Website --> IPService
Website --> Hostname

Loading

Example of resulting definition of a System

classDiagram
direction RL
class System

System: ip = "0.0.0.0"
System: hostnames = ["example.com", "b.example.com"]
System: services = ["Web", "Mail"]

Loading

Current issues

• It is not possible for a system to have multiple IPs.
• The current setup is not properly handling IPv6 (see Wrong count of IPs in System Specific #2184 and Add system types to IPv6 #2187).
• We rely heavily on on-the-fly queries to define and categorize these systems

Possible solutions

There are a few things to fix:

• Redefine a system: if the definition ends up being some variation of "ips, hostnames and the related system types", we should think about how we want to collect that information in a data structure and if we want to collect a separate entity in XTDB for it
• Fix ipv6 handling
• Do the system type categorization not on-the-fly but upfront with bits (see below)

The latter could be tackled in two ways.

1. Introducing objects to pre-annotate a lot of steps

We could leverage Bits to infer the system types from the services and software, which is what the Website object in fact is. This would mean bits such as website_discovery that take in a ResolvedHostname and IPService to add objects such as NameServer and MailServer. Here the issue might be that we do not want to depend on the hostname, so these could also only take in an IPService.
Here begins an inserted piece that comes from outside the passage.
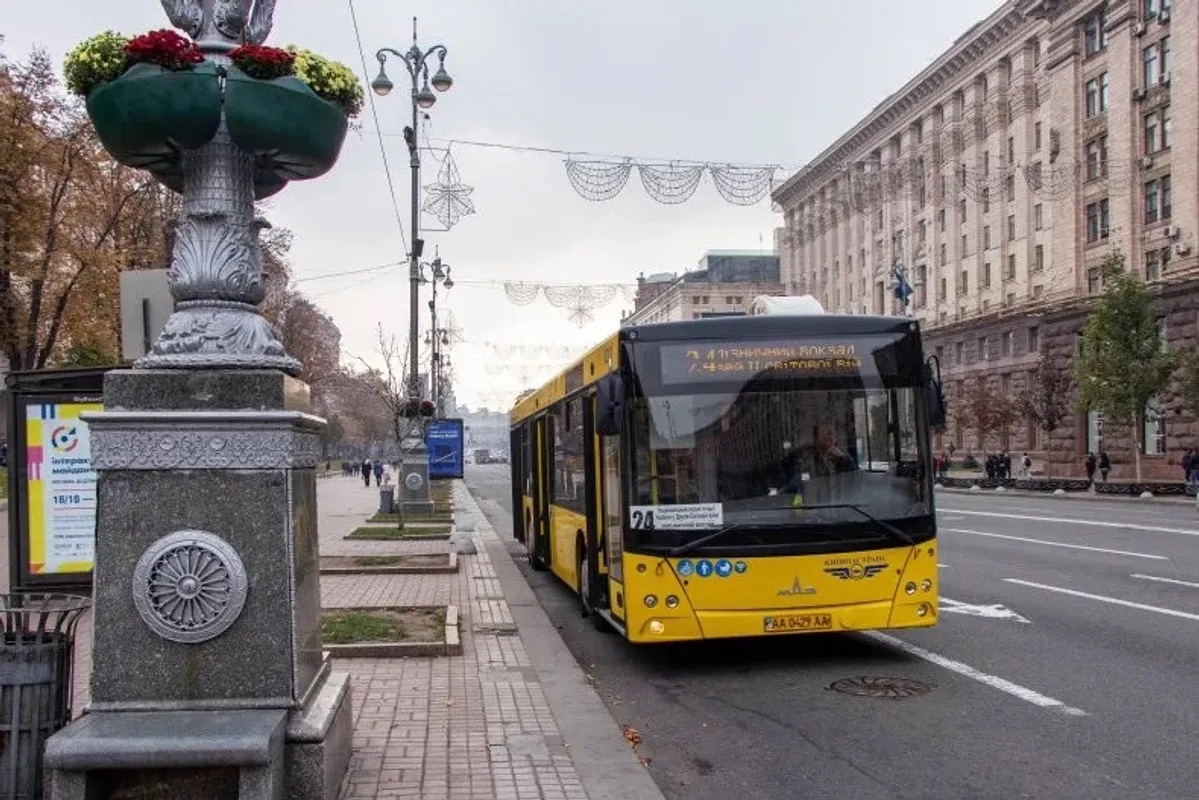 У Києві з 15 липня подорожчав проїзд у громадському транспорті: скільки тепер коштує поїздка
Furthermore, we could consider a new "System" object that aggregates Websites, MailServers and NameServers. Or perhaps just aggregate ips and query the Websites etc.?
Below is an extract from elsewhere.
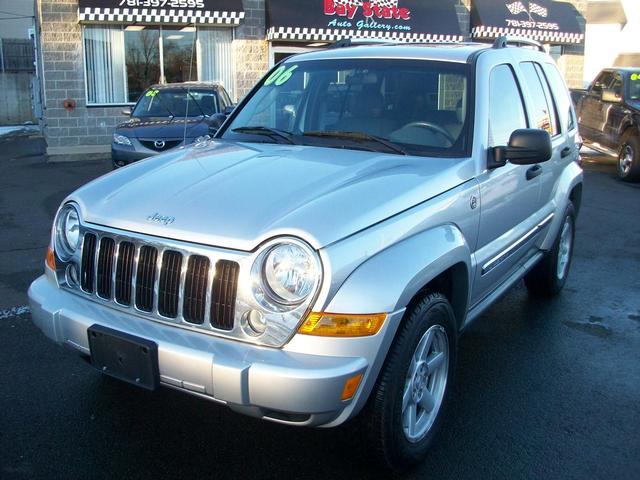 Jeep Liberty 2006 photo 2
Sketch if we introduce a System object (WIP, dashed line meaning optional)

classDiagram
direction RL

IP --> ResolvedHostname
ResolvedHostname --> Hostname
IPPort --> IP
IPService --> IPPort
IPService --> Service
SoftwareInstance --> IPPort
SoftwareInstance --> Software

Website --> IPService
Website --> Hostname

NameServer --> IPService
MailServer --> IPService

class System
System: services

class NameServer
NameServer --> IPService
NameServer ..> Hostname

class MailServer
MailServer --> IPService
MailServer ..> Hostname

System --|> Website
System --|> Website
System --|> NameServer
System --|> NameServer
System --|> MailServer
System --|> MailServer

Loading

2. Leverage current structure and make it more consistent

We are re-introducing the concept of a service here a bit, where we now focus on the categorization of a service and do some additional queries to enhance the result set. For instance, we query the IPService object to let nmap find mail servers, but use the Website object to determine if we are dealing with a web service. If we update the Service model a bit by introducing a type field.

We can then introduce bits that infer the service type from a Service, and write bits that add (IP) Services for the edge cases for Websites and SoftwareInstances where these objects imply an ip service. UPDATE: looking at the website_discovery bit, actually it seems that the same service-mapping logic is applied. So if we want more consistency here, we would redefine a Website as the result of querying objects in this path with a filter on the Service.type:

classDiagram
direction RL

ResolvedHostname --> Hostname
IP <-- ResolvedHostname
IPPort --> IP
IPService --> IPPort
Service --> IPService

Service: name
Service: type (optional)

Loading

And the Mail, Name and other services would be defined accordingly. A bit would infer the system types.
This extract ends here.